▶ _Work to be completed_: In the material below, the line holding "Day 14 - Pizza" and every line after it should be reproduced exactly, please, with pictures omitted.

▶ _Provided records_:
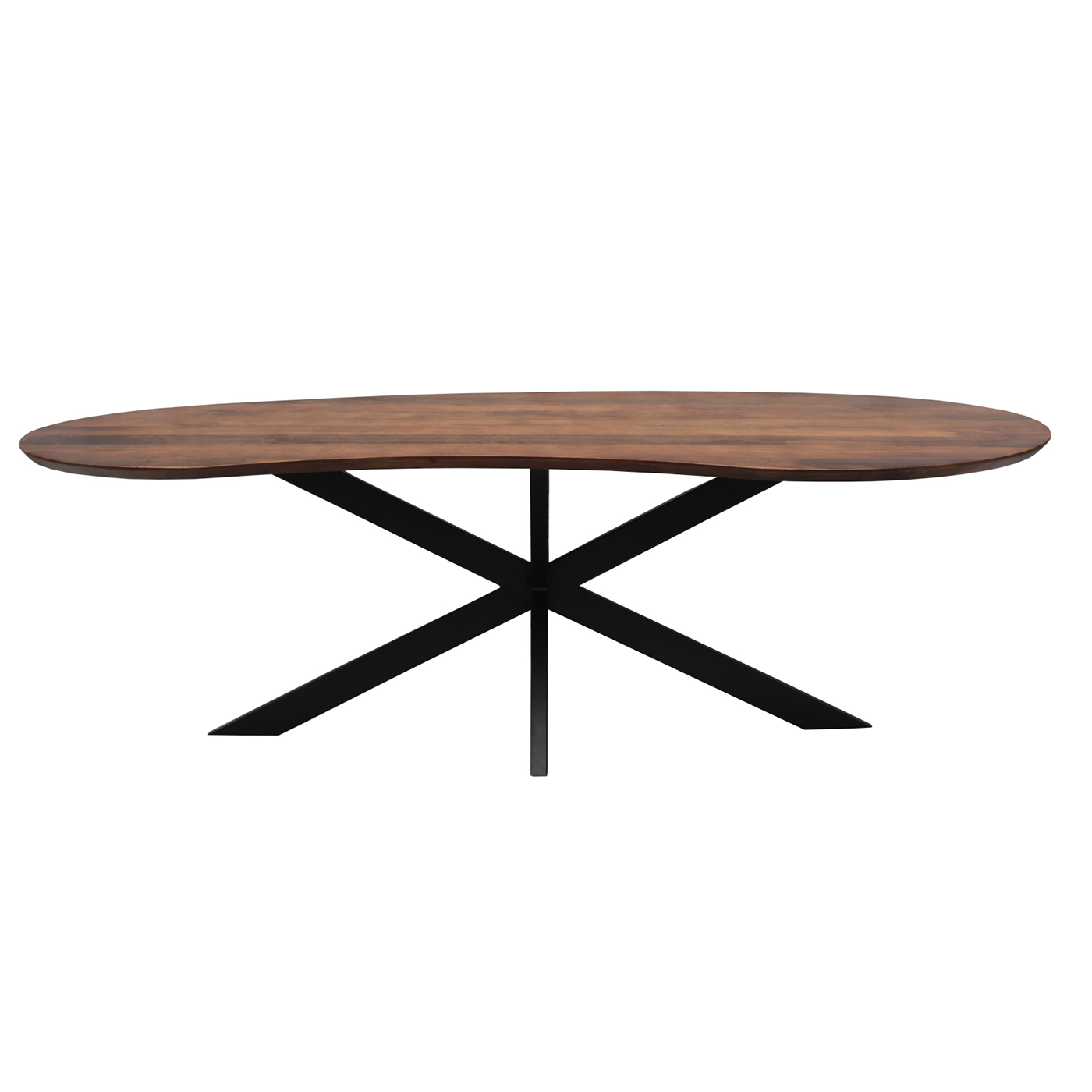 Eettafel organisch Kidney Eettafel mango organisch Kidney walnoot met spinpoot 160 cm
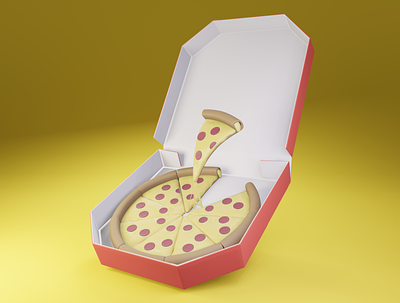 Day 14 - Pizza 3d 3d art blender cartoon cheese clean concept concept art different pizza pizza box render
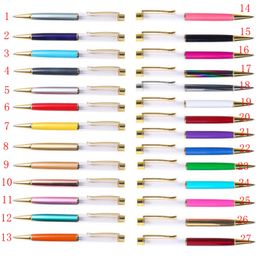 Wholesale 27 Colours DIY Empty Tube Ballpoint Pens Metal Pen Self-filling Floating Glitter Dried Flower Crystal Pen Student Writing Gift Favours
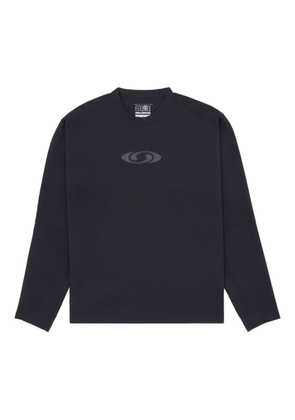 MM6 Maison Margiela X Salomon textured logo long-sleeved T-shirt - Black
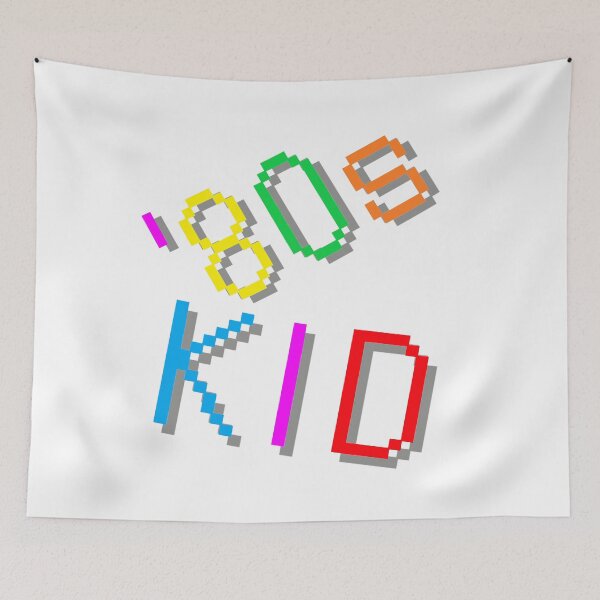 Item preview, '80s Kid. Colorful Retro Statement. (White Background) designed and sold by ArtByLM.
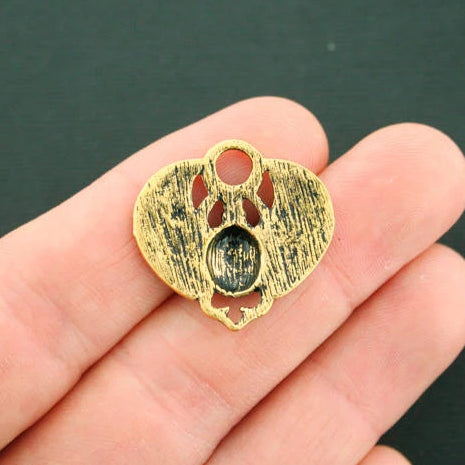 4 Scarab Beetle Antique Gold Tone Charms - GC695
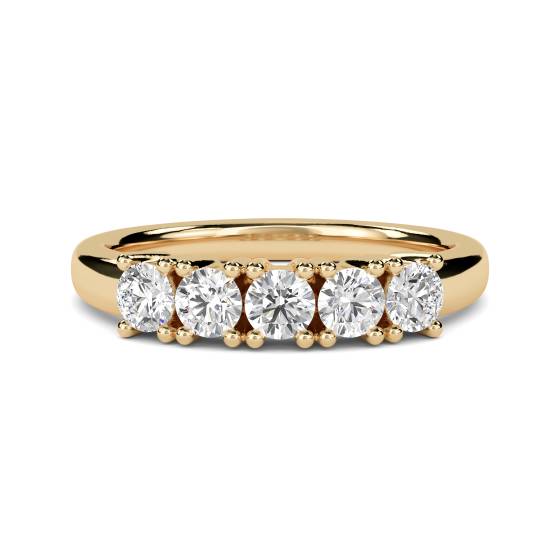 DHMT05081 5 Stone Round Diamond Half Eternity Ring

▶ _Result_:
 Day 14 - Pizza 3d 3d art blender cartoon cheese clean concept concept art different pizza pizza box render
 Wholesale 27 Colours DIY Empty Tube Ballpoint Pens Metal Pen Self-filling Floating Glitter Dried Flower Crystal Pen Student Writing Gift Favours
 MM6 Maison Margiela X Salomon textured logo long-sleeved T-shirt - Black
 Item preview, '80s Kid. Colorful Retro Statement. (White Background) designed and sold by ArtByLM.
 4 Scarab Beetle Antique Gold Tone Charms - GC695
 DHMT05081 5 Stone Round Diamond Half Eternity Ring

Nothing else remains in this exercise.